Segment Start: Data for this task

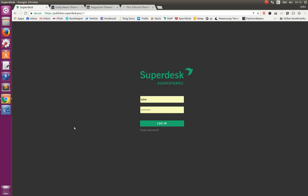Hello, my name is Ljuba Ranković. In this screencast I will show you how Superdesk and Publisher can be used together.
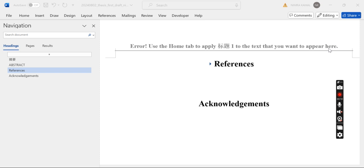The main reason is when we format a document in a different computer where the language was changed. In my case, I formatted this document in a computer where the language of Microsoft Word was Chinese.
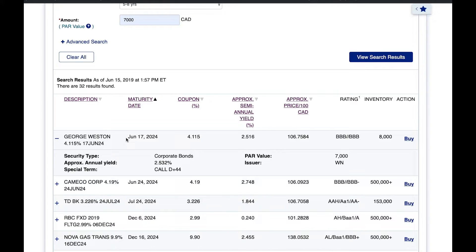Then we have the coupon rate. This is the stated interest rate that a corporation will pay you between the time you purchase the bond and the maturity date. Bondholders love interest income because it's a fixed amount they know they'll receive as long as they hold the bond to maturity and the company doesn't go bankrupt. Usually interest is paid every six months, but it depends on the bond's terms. This George Weston bond shows a coupon rate of 4.115%, and since it doesn't state the payment frequency, it's fair to assume it's paid annually.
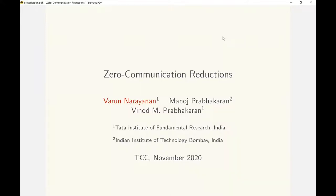Hi everyone. Thanks for joining this presentation on zero communication reductions. My name is Varun Narayanan and this is a joint work with Manoj Prabhakaran and Vinod Prabhakaran.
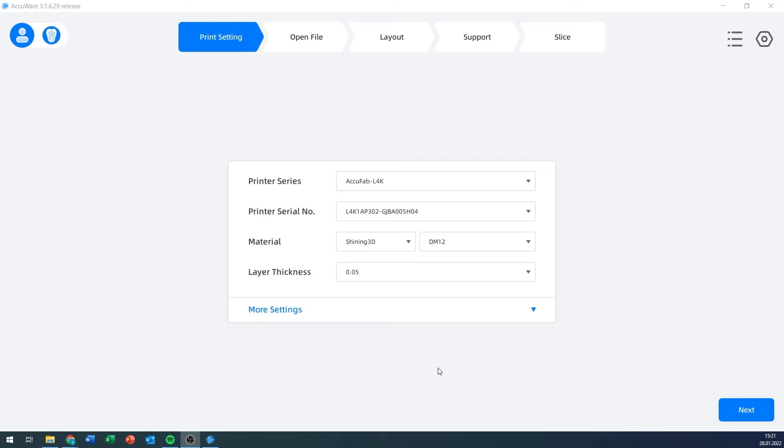Alright, hello and welcome back for another video on the AccuFab L4K by Shining3D. Today I want to talk about AccuWare, the software specifically made by Shining3D for use with their 3D printers. We are currently looking at software version 3.1.6.29. If you find videos where things look different or work differently than what I'm showing here, it might be due to a different software version. This is the one I have right now, as far as I know this is the most current one.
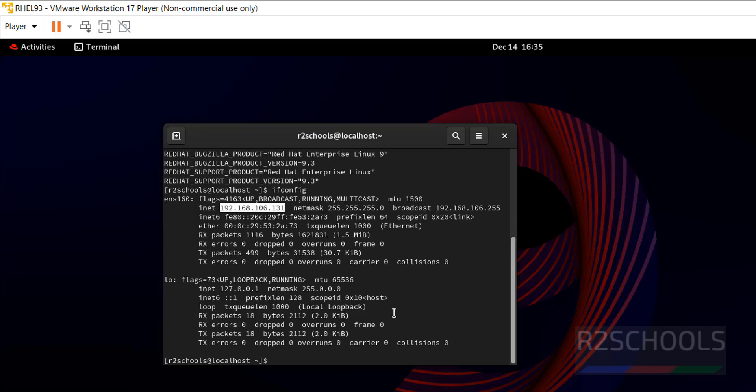So in this video we have seen how to download and install Red Hat Enterprise Linux 9.3 on VMware Workstation Player in Windows Environment. For more videos please subscribe my channel. Thank you.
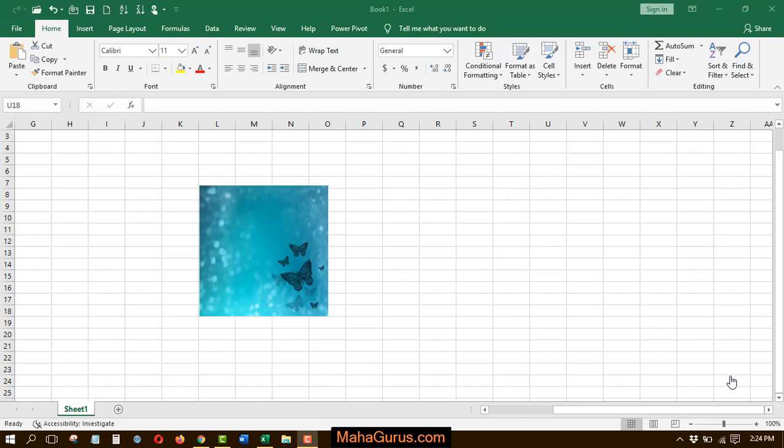Hi guys, welcome back to our YouTube channel. So in this tutorial, we're going to learn how we can add hexagonal cluster effect in Microsoft Excel. This is basically a layout.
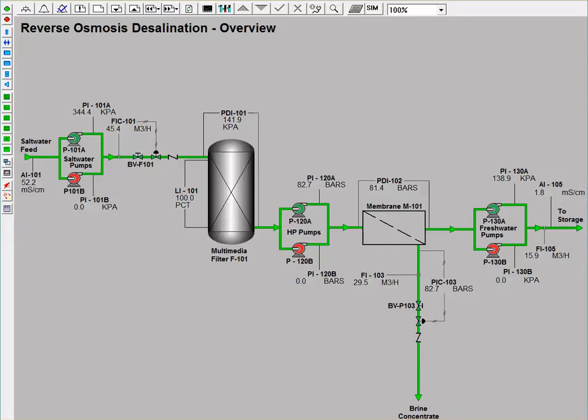Initially, the salt water feed passes through a multimedia filter to remove larger components from the ocean water. This salt water then passes through a set of 20 cylindrical membranes.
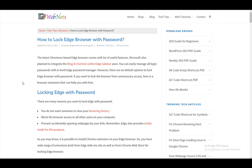In this video, I'll be going over how you can lock your Microsoft Edge browser with a password, so let's get right into it.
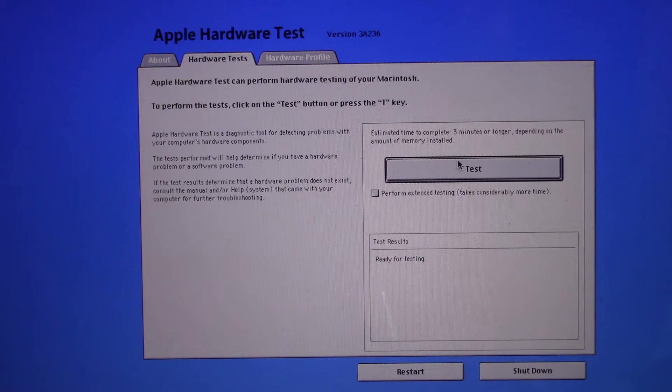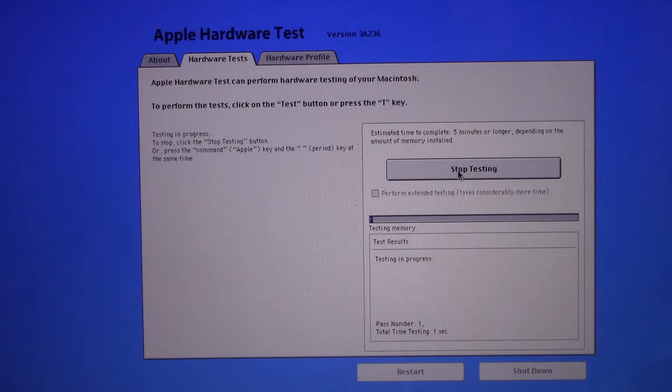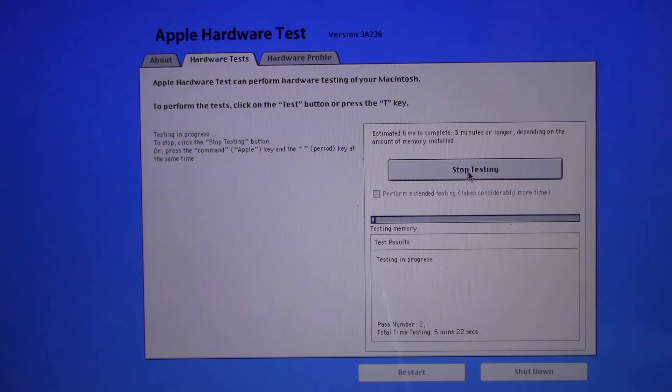When you are done testing, to restart your Mac click Restart or press R, or to shut down click Shutdown or press S.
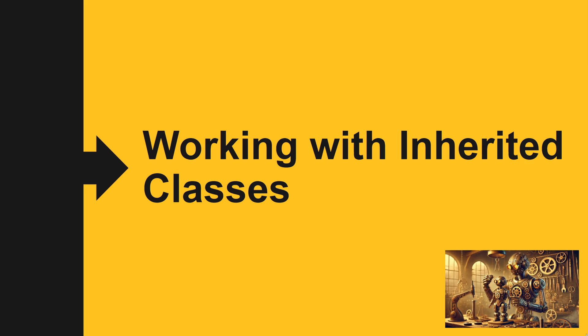Greetings coders. In this video we're going to look at working with inherited classes, specifically looking at how we invoke methods from a parent's class and also how we can dynamically cast variables from one object to another.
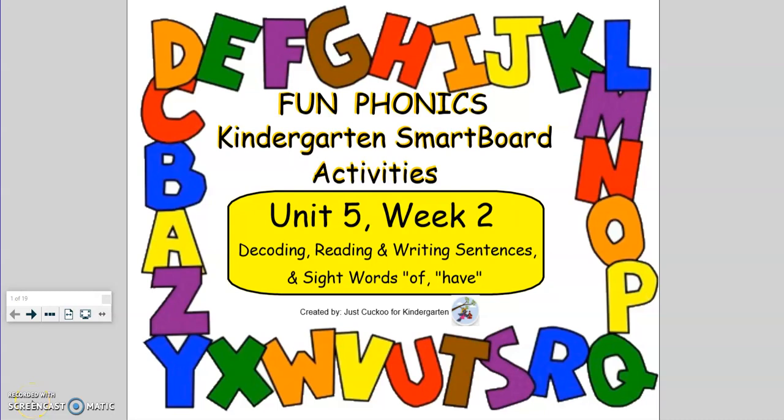Today during phonics, we're going to be beginning unit 5, week 2, decoding, reading, and writing sentences, and the sight words of and have.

Segment End: Data for this task

▶ **What you should do**
Look above for the line with "In this video, I'll" and the line with "When you are"; set down those two lines and all lines between them exactly, without pictures and without anything else.

▶ **Exercise output**
In this video, I'll be going over how you can lock your Microsoft Edge browser with a password, so let's get right into it.
When you are done testing, to restart your Mac click Restart or press R, or to shut down click Shutdown or press S.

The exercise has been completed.